Sur rtbf.be, Claire Marin, professeure de philosophie, pose une observation sans détour: « Quand on est enseignant, des corps maltraités, on en voit beaucoup. » Une phrase qui, même sortie de son contexte scolaire, parle à toutes celles et ceux qui s'occupent au quotidien de petits corps en construction.
Ce que cela change, pour nous qui portons
Quand nous installons un nouage, ce n'est pas qu'une affaire de bascule du bassin ou de hauteur de hanches, même si ces réglages comptent. C'est déjà une réponse concrète à cette invitation au contact. Le portage physiologique, quand il est bien ajusté, enveloppe le bébé dans une contention douce qui rappelle la vie d'avant — ce cocon tendu, chaud, contenu, où son corps a appris à exister, à percevoir ses propres limites, à se sentir porté.
Nous le sentons bien dans notre chair de parent: ce mal de dos qui surgit après vingt minutes, ce bébé qui se cambre au moment du nouage, ces petits ratés du quotidien ne sont pas des échecs à déplorer. Ce sont des signaux que notre corps nous envoie pour nous ramener à la justesse du contact — le bon ajustement, la bonne hauteur, la bonne tonicité.
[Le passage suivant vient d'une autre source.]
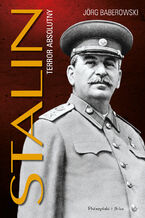 Okładka - Stalin. Terror absolutny - Jorg Baberowski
Accompagner notre enfant, c'est d'abord écouter ce que notre propre posture nous murmure, et accepter d'ajuster, encore et encore, sans viser la perfection.
Et si la philosophie de Claire Marin nous rappelle quelque chose, c'est bien cela: le lien ne se décrète pas, il se tisse, geste après geste, peau contre peau. Porter son bébé, le masser, l'envelopper pour le bain, le bercer dans une écharpe bien nouée — autant de manières très concrètes de répondre, sans discours, à cette invitation au toucher.
Alors, ce soir, avant de refermer la lumière, prenons dix minutes pour porter sans objectif. Juste pour retrouver, ensemble, le poids et la chaleur de l'autre.